A mí personalmente me gustan más las de póquer, pero es cierto que son diferentes trucos. Creo que a la larga importa más si la baraja tiene algún tipo de importancia en el truco (en el sentido de que tiene que ser picas necesariamente, por ejemplo), pero si no, ni me preocuparía.

----------


## bydariogamer

Si estás empezando, supongo que lo que más sentido tiene es usar una baraja normal y sólo una vez que la controles mirar de usar una con alguna trampa.  :Wink1: 
Una vez que tenemos esto claro, pasemos al tipo: ¿americana (la de poker) o española?
La más usada es la de poker en magia, porque es conocida en todo el globo y porque hay dos colores. Esto último te será útil cuando aprendas forzajes verbales, además abre la posibilidad de hacer un truco en el que separes rojas y negras o hagas un cambio de color.
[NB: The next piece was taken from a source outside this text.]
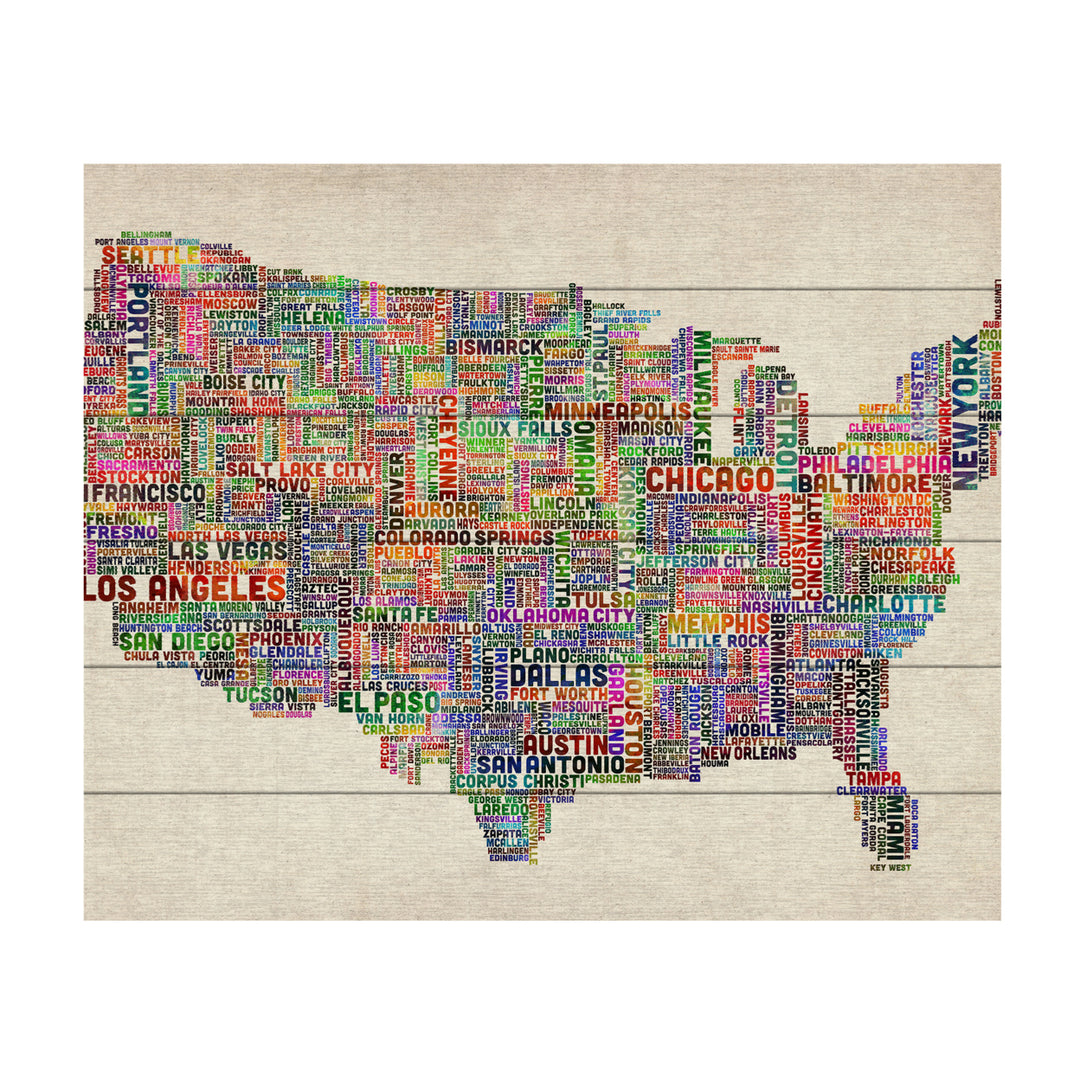 Wooden Slat Art 18 x 22 Inches Titled US Cities Text Map VI Ready to Hang Picture Image 2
Los libros de magia  se basan en la baraja de poker y hay barajas trucadas de la american fáciles de conseguir, pero no conozco (que seguro que si buscas, hay) baraja española trucada.
Creo que mi posición está clara  :001 302:

----------


## bydariogamer

También es interesante el formato, pero esto sólo es para la de poker, la española tiene otra medida:
El formato más usado y el más adecuado es el "wide" o "poker standard" (88x62). No recomiendo las cartas de tamaño bridge (88x57) porque aunque se oculten mejor en la mano no se aprenden bien las técnicas de empalme. Además no las hay trucadas tan fácil.

----------


## bydariogamer

Si te interesa también puedo hacerte una comparación de marcas. Cuantos más magos, más magia  :Smile1:

----------


## ign

Hay un post en* Cartomagia* donde se hace un análisis de los diferentes modelos de baraja:

*¿Qué marca de baraja utilizo?*

De todos modos haría falta actualizarlo con nuevos modelos que han aparecido desde entonces como las *Phoenix*. Personalmente creo que las mejores para empezar son las *Bicycle Rider Back* que están a 2,50 € y son muy versátiles. Si nos vamos a la baraja española, a mí me gustan las *Fournier nº 20*, que tienen el tamaño y la numeración de las barajas de poker.

----------


## J.D Origin

¿Dónde puedo aprender sobre "forzajes verbales"?

----------


## bydariogamer

Viene muy bien explicado en el canuto.
Es como se suele llamar a "Cartomagia fundamental" de Vicente Canuto.

----------


## bydariogamer

Como te podrás imaginar, los forzajes verbales consisten en obligar al público a elegir lo que queremos sin necesidad de alguna acción tipo hacer un abanico o tal. También se le llama "la elección del mago".
Cuando lo leas entendrás que no tiene nada de complicado y tal vez te resulte descarado, pero desde la situación de los profanos parece una elección libre.

----------


## pabloss

Yo antes usaba barajas comunes y corrientes porque cuando apenas empiezas, no te fijas mucho en eso, sólo te interesa el proceso y el resultado.

----------